Flava D comes to Cambridge

Genie Harrison 26 October 2018

I think it would be fair to suggest that bass-line music is something of the marmite variety; whilst nothing more than noise and repetition for some, for others there’s nothing quite like ‘skanking’ to bass-line. Coming from North London, where its appeal is increasingly epidemic, I certainly felt its absence upon my arrival in Cambridge last year. The plethora of house and techno events simply fails to fill the void.

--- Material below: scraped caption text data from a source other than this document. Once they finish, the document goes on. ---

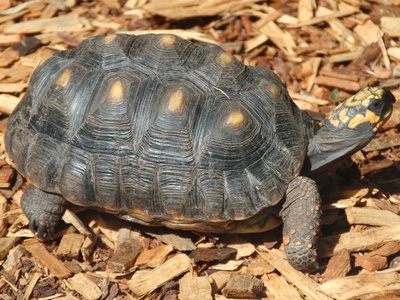 Red-footed Tortoise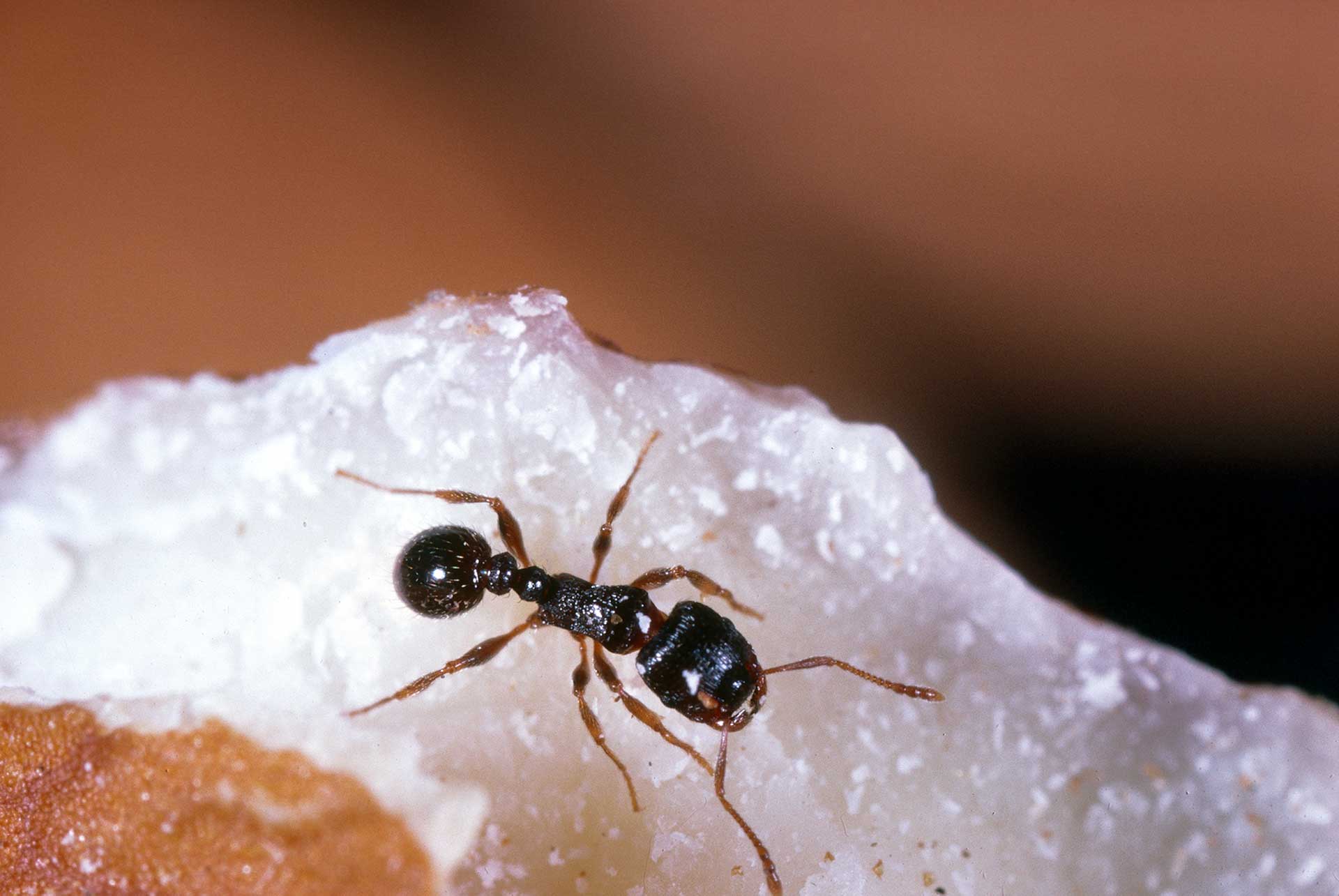 1-1-1-pavement-ant-S
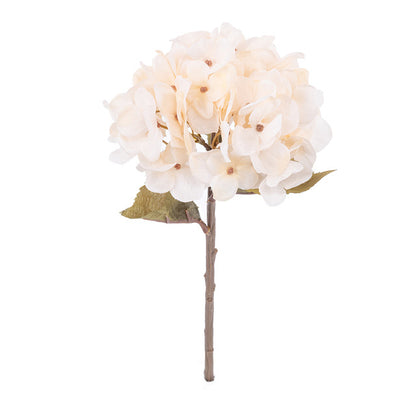 Autumn Hydrangea Flower Branch
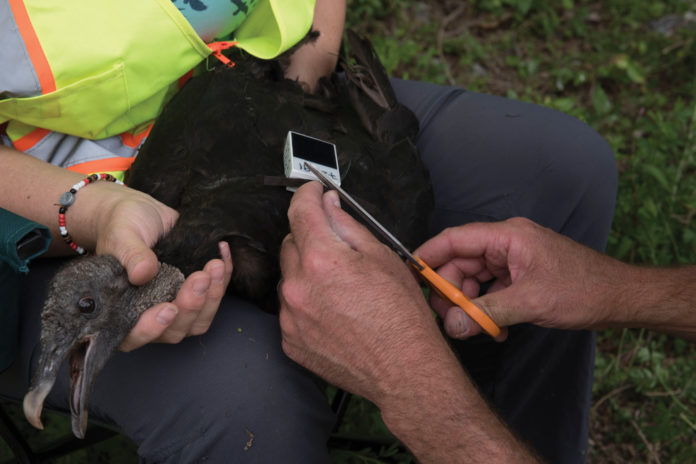 167th, Argos, USDA continue black vulture research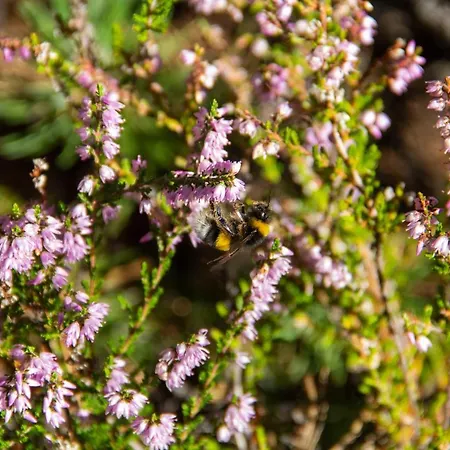 La Perle Des Montagnes - - D ヴェルネ・レ・バン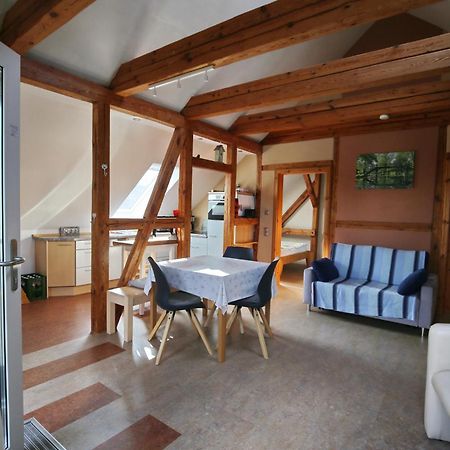 Ferienwohnung Im Vogelhaus Mit Dachterasse Und Grossem Garten Calau Экстерьер фото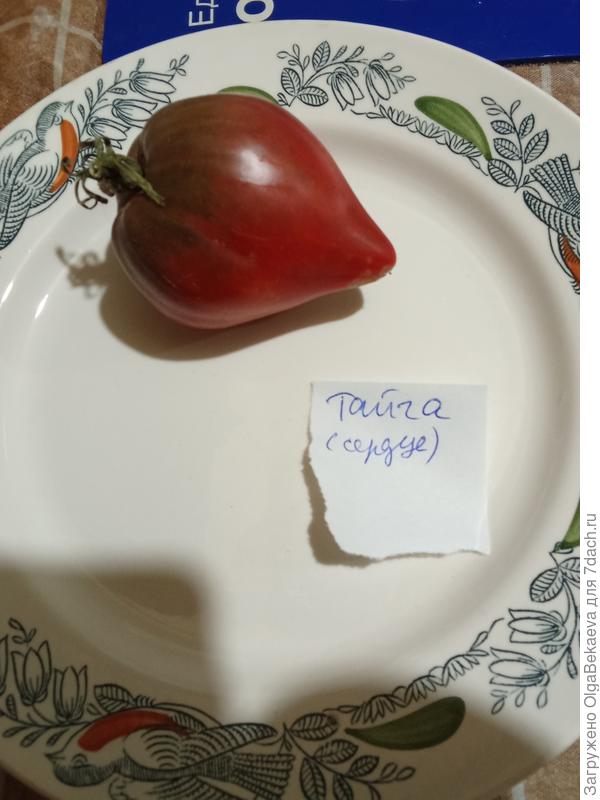 Томат Тайга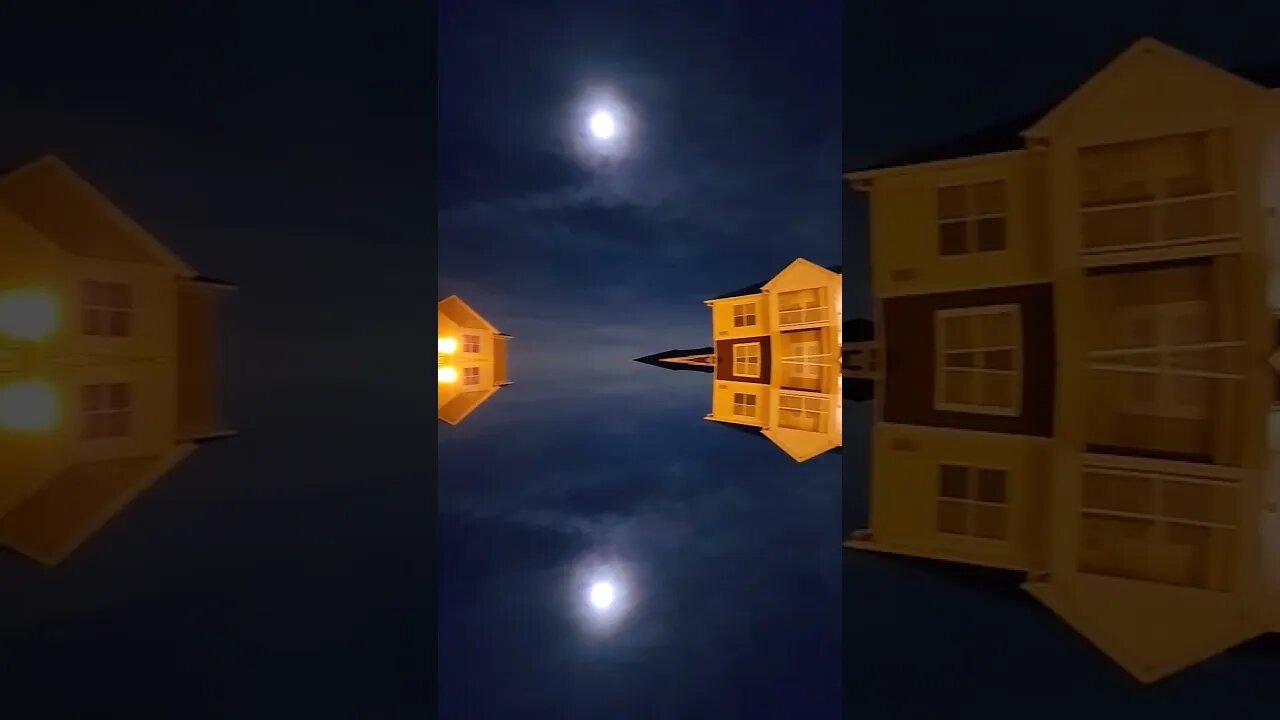 M.E.G FILE-477468655777678887456637838375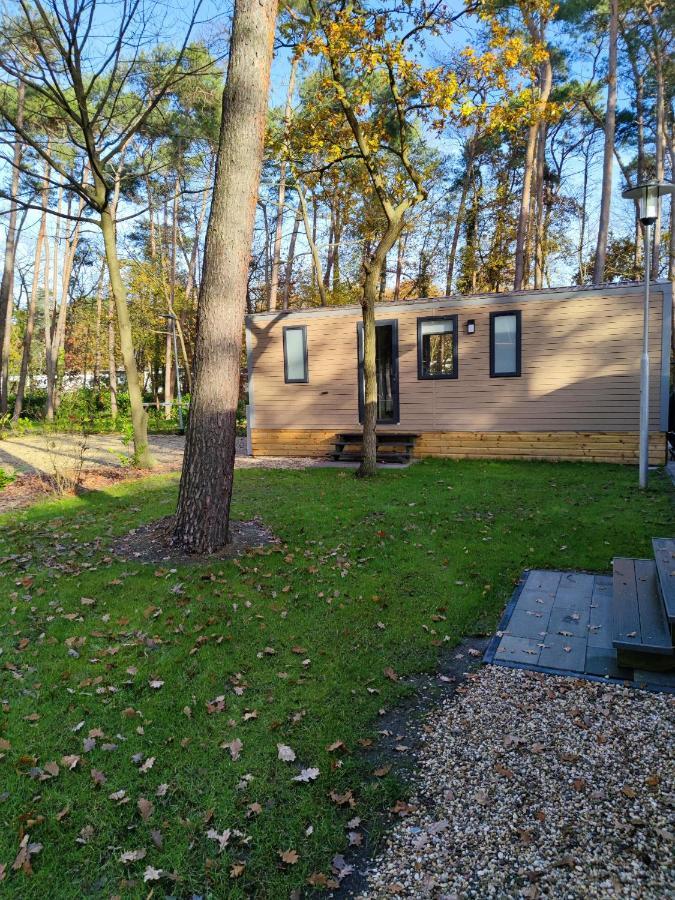 Schinveld Bospark De Brenkberg מראה חיצוני תמונה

Despite ‘Warning’ (one of the UK’s longest running and most well-established Drum and Bass events) being based at the Cambridge Junction, there’s a lack of local d’n’b nights.

However, this all began to change last year thanks to the teaming up of friends Gideon Benedyk, Alfred Jacquemot, and Toni Moraelas, who noticed a gap in the musical market and sought to affect change, founding ‘Target Events’. Their flagship event, Urban Bass, is now one of the biggest nights in the Cambridge calendar.

Ahead of their Halloween Special this weekend, I spoke to Benedyk about the motivation behind the event’s conception, who rightly commented that, ‘for a city that has around 50,000 students (between two universities), the Cambridge bass scene was totally defunct, despite the popularity of the genre across the country.’ Target Events decided to do something a little bit different, and what was originally imagined as a few small parties has expanded into the boys being able to host some of their favourite artists (Skepsis, DJ Hazard, Bru-C), and one of the city’s most successful events. Beginning with 235 ticket sales, the forth and final Urban Bass of last year welcomed an impressive 505 students to Kuda, and the events only promise to get bigger and better.

This weekend, on Sunday 28th October, Cambridge will be hosting one of the most successful up-and-coming bass artists, Flava D. Following her 2013 debut, ‘Hold On’, Flava D has become an integral part of ‘Butterz’, her recording label, working with other infamous names in the garage/bassline/d’n’b sphere such as My Nu Leng, Wiley, and a collaborative album ‘ukg’ with Royal T and DJ Q. Following a 13-week stint at London’s XOYO and touring globally across Japan, India, Australia and the USA, Flava D has become one of the biggest names in the game.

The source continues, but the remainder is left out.